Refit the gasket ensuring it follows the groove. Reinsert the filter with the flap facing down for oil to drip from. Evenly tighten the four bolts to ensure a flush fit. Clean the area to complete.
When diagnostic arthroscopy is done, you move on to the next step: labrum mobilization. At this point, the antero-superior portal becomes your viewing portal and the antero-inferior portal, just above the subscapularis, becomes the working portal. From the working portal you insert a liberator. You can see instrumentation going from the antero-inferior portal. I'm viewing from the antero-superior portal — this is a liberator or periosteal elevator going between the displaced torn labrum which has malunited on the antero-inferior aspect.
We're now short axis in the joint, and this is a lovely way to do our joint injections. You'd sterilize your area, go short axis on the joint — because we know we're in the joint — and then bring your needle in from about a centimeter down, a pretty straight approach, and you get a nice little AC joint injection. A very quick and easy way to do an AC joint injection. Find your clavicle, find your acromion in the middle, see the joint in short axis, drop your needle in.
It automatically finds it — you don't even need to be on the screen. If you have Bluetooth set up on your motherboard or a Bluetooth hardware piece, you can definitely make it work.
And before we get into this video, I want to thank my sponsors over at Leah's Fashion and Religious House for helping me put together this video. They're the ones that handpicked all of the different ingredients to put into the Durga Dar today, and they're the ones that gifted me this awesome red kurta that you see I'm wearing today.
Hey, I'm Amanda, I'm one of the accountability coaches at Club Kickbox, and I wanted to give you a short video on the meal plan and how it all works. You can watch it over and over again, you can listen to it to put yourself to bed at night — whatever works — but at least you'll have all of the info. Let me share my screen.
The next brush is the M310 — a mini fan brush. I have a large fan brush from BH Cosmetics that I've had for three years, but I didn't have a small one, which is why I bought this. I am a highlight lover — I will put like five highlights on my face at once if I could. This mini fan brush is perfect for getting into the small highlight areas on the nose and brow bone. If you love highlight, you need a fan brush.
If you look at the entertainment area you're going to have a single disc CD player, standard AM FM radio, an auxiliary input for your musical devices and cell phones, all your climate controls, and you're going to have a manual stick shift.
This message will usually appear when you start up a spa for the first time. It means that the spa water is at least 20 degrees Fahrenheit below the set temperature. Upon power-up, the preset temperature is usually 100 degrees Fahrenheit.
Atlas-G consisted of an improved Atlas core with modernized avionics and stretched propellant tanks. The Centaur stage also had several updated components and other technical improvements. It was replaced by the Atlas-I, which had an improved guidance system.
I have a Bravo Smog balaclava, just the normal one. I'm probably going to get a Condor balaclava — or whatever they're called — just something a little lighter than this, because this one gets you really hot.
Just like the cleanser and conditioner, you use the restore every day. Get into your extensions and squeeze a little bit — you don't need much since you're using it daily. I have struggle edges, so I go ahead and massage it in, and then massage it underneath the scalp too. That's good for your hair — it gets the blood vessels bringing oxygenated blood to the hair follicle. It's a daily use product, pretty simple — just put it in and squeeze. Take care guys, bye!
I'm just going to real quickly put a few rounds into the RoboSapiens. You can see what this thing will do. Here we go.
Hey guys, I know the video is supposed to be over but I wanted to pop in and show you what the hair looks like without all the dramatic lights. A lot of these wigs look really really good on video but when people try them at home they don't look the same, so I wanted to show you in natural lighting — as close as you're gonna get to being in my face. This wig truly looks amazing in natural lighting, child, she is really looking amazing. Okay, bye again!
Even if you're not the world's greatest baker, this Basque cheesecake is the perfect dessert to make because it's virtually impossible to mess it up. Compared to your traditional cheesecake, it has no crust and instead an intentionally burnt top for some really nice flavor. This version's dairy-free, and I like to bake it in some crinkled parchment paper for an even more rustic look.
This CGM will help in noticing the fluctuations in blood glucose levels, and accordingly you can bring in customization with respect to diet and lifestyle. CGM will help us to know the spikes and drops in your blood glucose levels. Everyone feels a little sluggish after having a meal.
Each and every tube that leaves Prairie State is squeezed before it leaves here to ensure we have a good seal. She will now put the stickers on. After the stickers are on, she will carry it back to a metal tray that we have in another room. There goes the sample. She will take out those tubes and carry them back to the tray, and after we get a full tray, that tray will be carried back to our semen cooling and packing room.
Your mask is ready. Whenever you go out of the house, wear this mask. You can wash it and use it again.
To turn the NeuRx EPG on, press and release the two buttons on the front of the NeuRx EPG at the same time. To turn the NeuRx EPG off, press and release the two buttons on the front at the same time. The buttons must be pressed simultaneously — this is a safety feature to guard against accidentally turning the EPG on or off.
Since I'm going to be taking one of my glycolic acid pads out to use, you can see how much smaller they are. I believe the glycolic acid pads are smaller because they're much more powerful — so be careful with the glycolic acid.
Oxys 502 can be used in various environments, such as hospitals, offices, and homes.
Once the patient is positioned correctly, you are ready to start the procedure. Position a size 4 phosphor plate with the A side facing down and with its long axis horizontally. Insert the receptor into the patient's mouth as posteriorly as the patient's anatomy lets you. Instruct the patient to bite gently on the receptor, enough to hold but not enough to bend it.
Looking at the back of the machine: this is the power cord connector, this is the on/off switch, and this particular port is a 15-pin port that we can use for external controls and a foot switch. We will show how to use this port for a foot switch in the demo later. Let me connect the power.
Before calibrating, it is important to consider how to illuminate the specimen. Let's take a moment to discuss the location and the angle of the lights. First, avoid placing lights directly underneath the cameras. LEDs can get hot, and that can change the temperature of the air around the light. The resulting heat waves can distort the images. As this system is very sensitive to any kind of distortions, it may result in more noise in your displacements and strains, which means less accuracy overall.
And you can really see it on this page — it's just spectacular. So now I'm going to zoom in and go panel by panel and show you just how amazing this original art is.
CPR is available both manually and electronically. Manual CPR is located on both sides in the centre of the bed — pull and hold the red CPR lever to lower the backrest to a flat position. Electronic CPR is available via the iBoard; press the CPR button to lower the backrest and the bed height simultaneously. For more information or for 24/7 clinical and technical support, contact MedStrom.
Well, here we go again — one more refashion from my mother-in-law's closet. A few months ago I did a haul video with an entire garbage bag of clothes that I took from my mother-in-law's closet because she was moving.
------------------------------------
What needs to be done :: Write out every line of the data that holds the word "will".

Solution to this problem ::
The next brush is the M310 — a mini fan brush. I have a large fan brush from BH Cosmetics that I've had for three years, but I didn't have a small one, which is why I bought this. I am a highlight lover — I will put like five highlights on my face at once if I could. This mini fan brush is perfect for getting into the small highlight areas on the nose and brow bone. If you love highlight, you need a fan brush.
This message will usually appear when you start up a spa for the first time. It means that the spa water is at least 20 degrees Fahrenheit below the set temperature. Upon power-up, the preset temperature is usually 100 degrees Fahrenheit.
I'm just going to real quickly put a few rounds into the RoboSapiens. You can see what this thing will do. Here we go.
This CGM will help in noticing the fluctuations in blood glucose levels, and accordingly you can bring in customization with respect to diet and lifestyle. CGM will help us to know the spikes and drops in your blood glucose levels. Everyone feels a little sluggish after having a meal.
Each and every tube that leaves Prairie State is squeezed before it leaves here to ensure we have a good seal. She will now put the stickers on. After the stickers are on, she will carry it back to a metal tray that we have in another room. There goes the sample. She will take out those tubes and carry them back to the tray, and after we get a full tray, that tray will be carried back to our semen cooling and packing room.
Looking at the back of the machine: this is the power cord connector, this is the on/off switch, and this particular port is a 15-pin port that we can use for external controls and a foot switch. We will show how to use this port for a foot switch in the demo later. Let me connect the power.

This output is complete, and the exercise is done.